There is a hardening of racial attitudes in the Cape Town area, where whites and Coloreds have lived on relaxed terms for generations.

Meanwhile, black and Colored unrest took a potentially serious turn this week, spreading for the first time into white areas.

Colored youths stormed a white suburb of Cape Town Wednesday night. And in another white community in the Cape Province two homes were firebombed by blacks.

In the past eight days of violence in Cape Town about 100 have been seriously injured, with many others having been beaten with whips.

More than 200 have been arrested -- and there are still daily confrontations among groups of young people and the police.

Main township roads are sometimes closed to traffic by burning barricades of tires. There continue to be reports of police brutality against young people and allegations of ``indiscriminate'' police assaults.

Conditions at schools for Colored and black pupils are reported by officials to be ``chaotic'' because of a continuing boycott of classes by most senior pupils.

Now even some government supporters are wondering if it would not have been better to have let the march take place.

Anti-apartheid activists planned to march to Pollsmoor Prison to show solidarity with imprisoned black nationalist leader Nelson Mandela. The march was squelched and its chief organizer, Allan Boesak, was detained.

The march organizers had promised that it would be peaceful -- provided police kept away.

Culturally, whites and Coloreds are close. They speak the same languages, English or Afrikaans, and belong to churches of the same denomination.

Sometimes members of families classified as Colored are able to ``pass'' as whites -- with the resultant economic and social benefits, not the least of which is the opportunity to educate their children at the better white schools. Those who pass are also able to live in the more attractive suburbs reserved for whites.

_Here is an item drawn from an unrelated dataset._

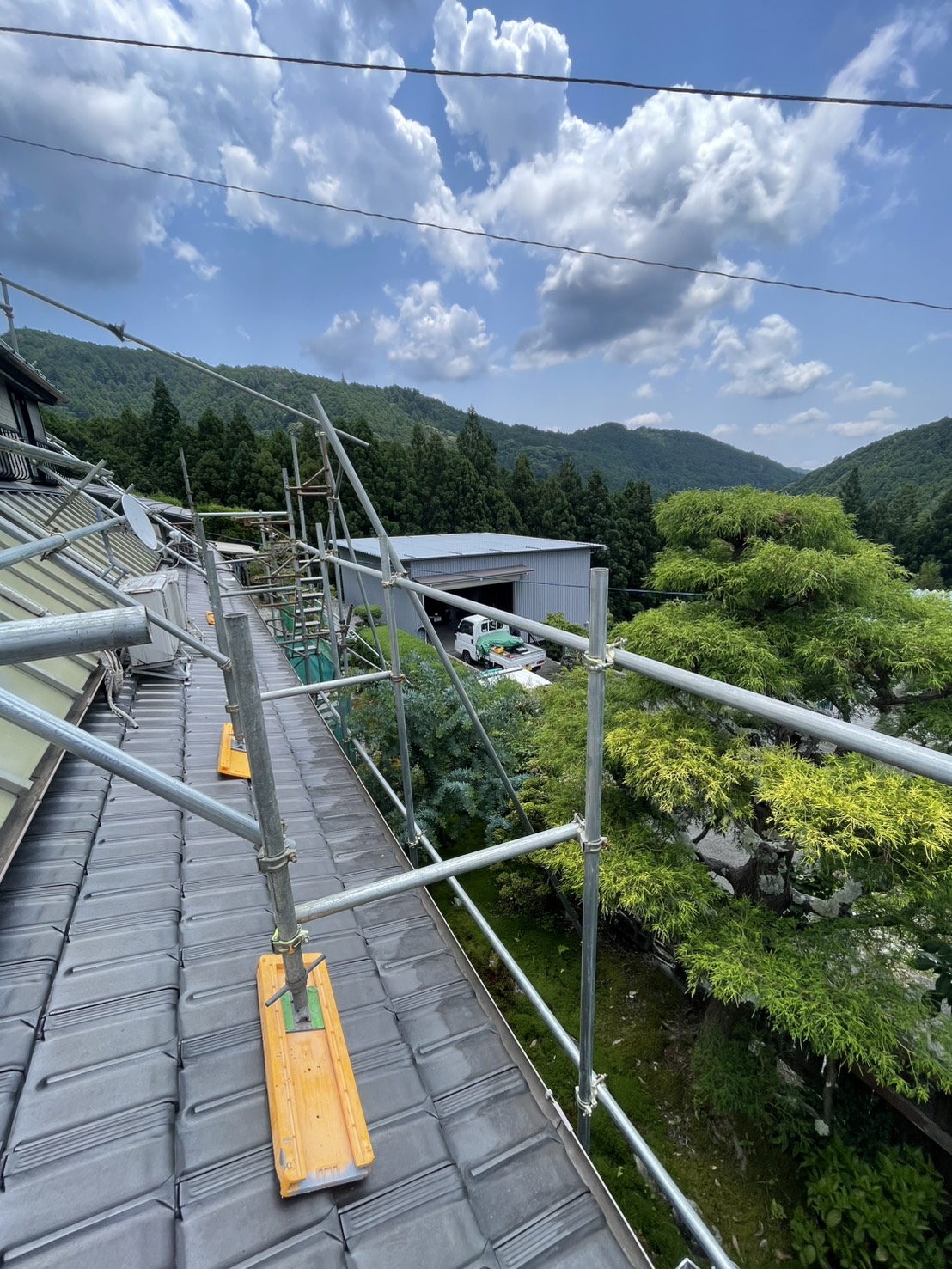 屋根足場の設置状況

But now young Colored children are shouting insults at whites, such as ``Boer'' (meaning ``farmer'' in Afrikaans but also a slang word for ``police'') and slogans like ``kill whitey.'' It is sometimes dangerous for whites to venture near some Colored townships.

Colored members of the community who are perceived to be part of the government system are also in danger. These include Colored people who were elected to the Colored house of the new three-chamber Parliament. The new Parliament was opened up to Coloreds and Indians, but blacks were excluded.

Coloreds have had gasoline bombs thrown at their homes; their cars have been set afire. Not one has dared to intervene publicly to try to stop the violence.

Analysts here say that the one person who could probably stop the confrontation very quickly, if it suited him, is Allan Boesak.

Dr. Boesak, a leading figure in the Colored section of the Dutch Reformed Church, the main Afrikaans church to which, ironically, most members of the ruling National Party belong. Boesak is also president of the World Alliance of Reformed Churches.

Immediately after his arrest on the eve of the planned march, police flew him out of Cape Town and to a jail in Pretoria, more than 1,000 miles away. He has been held since without being allowed to communicate with anybody. As a concession, his wife Dorothy is now going to be allowed to visit.

But there are no indications yet what charges might be brought against him, or whether he will be charged at all. The government can hold him indefinitely.